Above our small living space adjacent
to the store, we rented apartments to
a cast of characters who ambled in
and out with the customers – from
the town’s leading garden club maven to the its chief, well, madam.
Needless to say, our corner of Commerce and Orleans Streets was always buzzing — especially ’round sunset on our front wrap-around porch, where a meandering mix of Natchezians and tourists could always be found, drink in hand, nibble or
two within reach. (I, too, was there, practicing the art of not being seen
– a skill allowing me to stealthily absorb witty remarks or loudly whispered gossip.)
Deciding early on to be a writer, my
first chance to help document Natchez’s rich flavor and culture came as a teen, when Nannie nervously needed my help. She’d been talked into producing a major canning-focused cookbook by
her biggest fan — renowned designer
Lee Bailey (aka her nephew/my cousin).
Ultimately Lee became so smitten with Natchez that he produced the James Beard Award-winning Lee Bailey's Southern Food & Plantation Houses. Lee’s“don't gild the lily” style became not only a design-for-living compass for me, but also for a generation of others, including the late writer-extraordinaire Nora Ephron (her touching tribute can be read here).
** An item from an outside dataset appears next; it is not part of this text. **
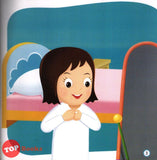 [TOPBOOKS Pelangi Kids] Siri Mudah Baca Set Kelima Buku 1 Hari Pertama Di Sekolah Rendah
Fast forward a few decades and the record will show I’ve built a career focused on living the good life, both inside and out — from highlighting
great home and party style for Better Homes and Gardens, Southern Living and Coastal Living to helping Southern Methodist University’s public relations team turn the spotlight on dynamic young “World Changers.” Along the way, my journalism training has been buoyed by my study of human and
civil rights and early Southern history. The goal? To avoid saying what a professor-friend calls “the most dangerous phrase in the English language”: “I didn’t know ...”
Currently I’m cooking up more books with my husband, photographer
Robert M. Peacock (also a Natchez native), helping nonprofits with publicity and media relations endeavors, and relishing the chance to connect us all – to each other and the world around us.